== Prompt ==
Pictures are to be dropped, and only the lines from the one containing "Thumbnail 2 in" through the end of the data below are to be reproduced as written.

== Record extracts ==
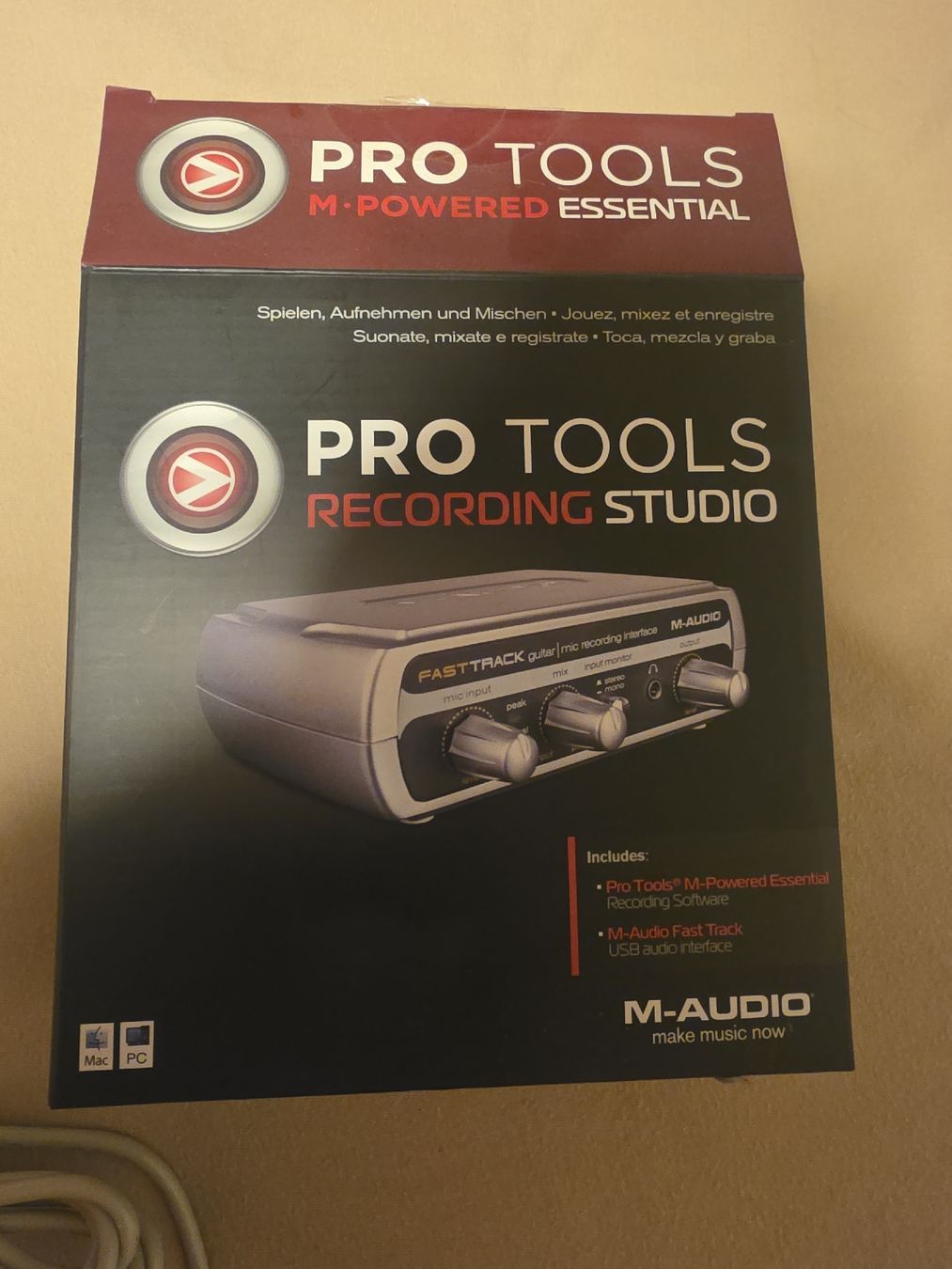 M-Audio Attrezzatura per studi di registrazione: M-Audio Fast Track USB – Interface audio + Pro Tools – Usato da Ecublens VD venduto da Laure86
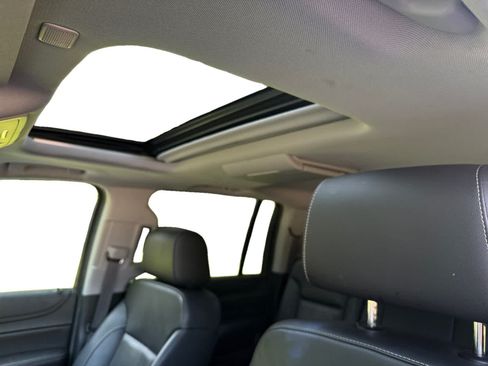 Used 2017 Chevrolet Suburban LT AWD/4WD image 12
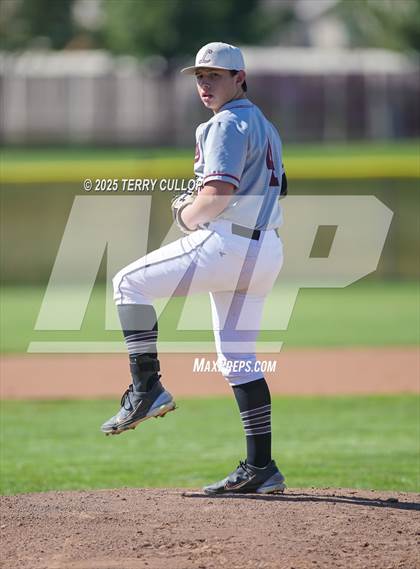 Thumbnail 2 in Intermountain Christian vs. Valley (UHSAA 1A Second Round) photogallery.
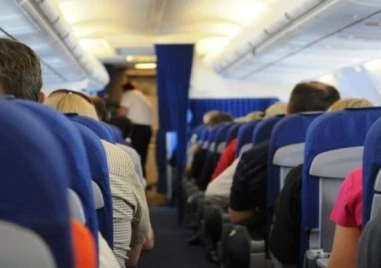 Пътници на полет на нискотарифна авиокомпания получили наранявания след като самолетът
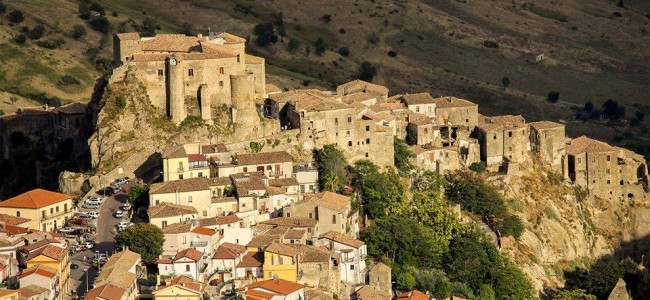 Oriolo. Dalla foto di Basile al “pasticcio” sugli Lsu-Lpu. «La rivoluzione mancata della Colotta» Oriolo. Dalla foto di Basile al “pasticcio” sugli Lsu-Lpu. «La rivoluzione mancata della Colotta»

== Reply to the task ==
 Thumbnail 2 in Intermountain Christian vs. Valley (UHSAA 1A Second Round) photogallery.
 Пътници на полет на нискотарифна авиокомпания получили наранявания след като самолетът
 Oriolo. Dalla foto di Basile al “pasticcio” sugli Lsu-Lpu. «La rivoluzione mancata della Colotta» Oriolo. Dalla foto di Basile al “pasticcio” sugli Lsu-Lpu. «La rivoluzione mancata della Colotta»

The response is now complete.